FIG. 1 shows one of the commonly used arrangements of peristaltic
pumps where a number of occlusion rollers 1, 2, 3, 4 are provided
either directly on arms 5 (one arm is only partly indicated in the
drawing) which arms 5 are supported on a rotating shaft 6, or
according to an alternative arrangement are supported on spring
loaded rocker levers 7, connected by bolts 8 to arms 9 fixed on
shafts 6. The rollers in the course of their movement track about
the shaft 6 and come into contact with an elastic hose 10 having an
infeed and a discharge end. The hose 10 rests on a support 11. The
arcuate shape of the support 11 insures that the rollers, within a
part of their track remain in contact with the hose 10 which is
thereby compressed so that below the individual rollers a complete
occlusion, that is a complete closing of the hose is caused. The
support 11 is urged against the rollers by an element 12 generating
pressure. In the course of rotation of the shaft 6 and thus also of
the rollers 1, 2, 3, 4 the place of occlusion advances continuously
along the hose at an angular speed corresponding to the angular
speed of the shaft 6.
FIG. 2 shows a pump of another type where the rollers 1, 2... are
supported by a roller chain 13 passing over sprocket wheels (not
shown). The hose 10 is in this case pressed against a support 14
which is along a portion indicated by A straight and parallel with
the adjacent branch of the roller chain, whereafter in part B it
recedes from the rollers.
FIG. 6 shows the operation of the pump schematically. As seen, each
occlusion organ 1,2,3, travels along a curved path 15 a portion of
which constitutes the compression track wherein the roller
compresses one portion of the wall of the hose 10 against the
opposing wall portion. The depth of compression of roller (e.g. 41)

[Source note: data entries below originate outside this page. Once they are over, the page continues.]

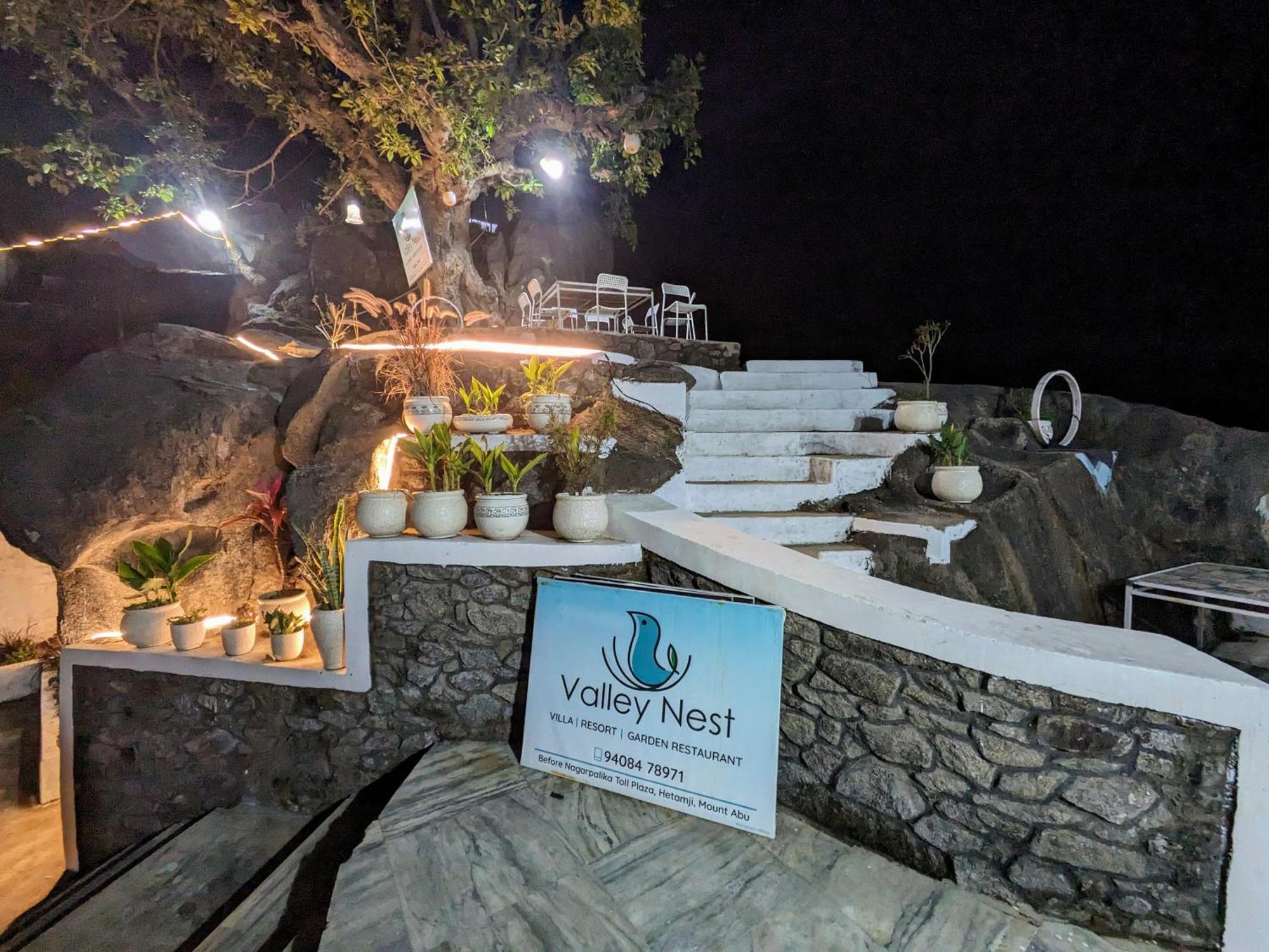 Valley Nest For 6-12 Pax Holiday home Mount Abu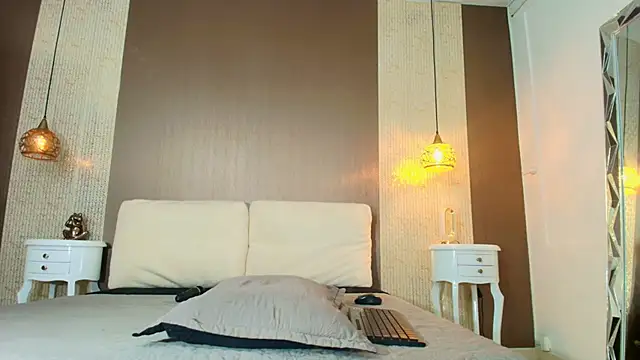 Tiifany Baker online show from January 16, 2026, 7:51 pm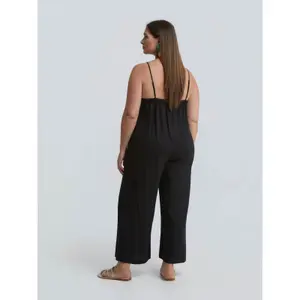 Minimalist Strappy Linen Blend Jumpsuit for Women Mat Fashion image-2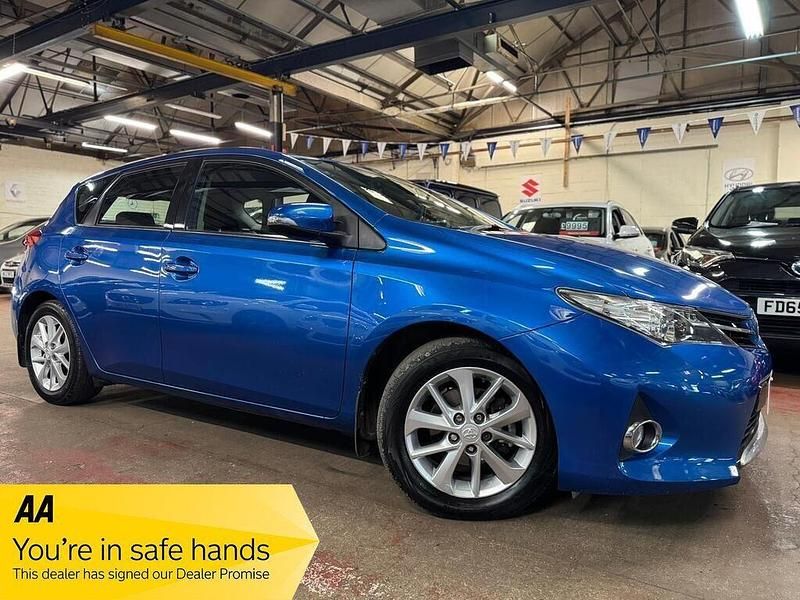 Used Toyota Auris 132 HP (97 kW) 2013 Blue Hatchback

provides an occlusion reserve C since so long as the compression is
maintained within this depth, occlusion of the hose is maintained.
During mainteneance of the occlusion reserve C the hose is
segmented by the roller forming a portion 16 behind it and a
portion 17 ahead of it and by which the media is separated. This
occlusion reserve is required to insure that a tight seal is made
between sections 16 and 17. Further, at the initial stage of
compression, the compression of the hose reduces the volume of the
hose, thus increasing the pressure of the medium in the hose
between itself and the next preceeding roller. The moving occlusion
organs thus push the medium conveying a stream of medium to the
discharge end along the path D.
The rollers, when driven along their path 15 at a constant speed,
act to impart an irregularity to the flow of medium in the conveyed
stream within the pump range which is detected at the discharge end
of the hose. This irregularity is caused by the action of the
roller when it releases from the hose during the course of each
individual compression period (a period being defined as the
distance between successive rollers). Actually, at the moment when
the occlusion roller 41 lifts in its track along the curve 15 from
the hose 10 and the roller 41 first releases the so called
occlusion reserve C, that is, as the part of one hose wall which is
pressed into the opposite one begins to recede and as soon as each
roller recedes so far that the reserve C is liquidated, (note
roller 42), the occlusion stops and the space 16 behind the roller
becomes connected with the space 17 in front of it, and the hose is
refilled with medium. The point where the occlusion stops, defined
as "limit point of occlusion" is indicated in FIG. 6 by the letter
M. In the course of the further movement of the particular roller
(position indicated by 42) along the curve 15, the medium in the
hose is no longer conveyed at a uniform speed in direction of the
arrow D. As the hose starts to expand up to the place where the
roller just leaves it (point E at position 43) the medium rushes to
fill the increasing volume reducing its forward speed. The range
between the limit point M and the contact point E is referred to as
the "critical range" and is indicated by the letter K. In the
course of release of the hose 10 suction is generated in space 17
acting against the discharge of the medium, so that the resulting
discharge is equal to the difference between the discharge movement
generated by the next succeeding roller and this suction. The
amount of medium delivered within this critical range K is
therefore reduce in dependence on this suction. Since the speed of
back flow into the tube from the discharge is directly proportional
to the speed of the rollers, the suction may even rise to such a
value that its surpasses the medium discharge speed, so that the
stream of the medium may actually be reversed and proceeds in the
opposite direction, (i.e., against the direction indicated by the
arrow D). This irregularity is very inconvenient, particularly if a
discharge having uniform proportionality is to be achieved. This
proportionality cannot be achieved with known pumps and
particularly for purposes which have hoses of different diameters.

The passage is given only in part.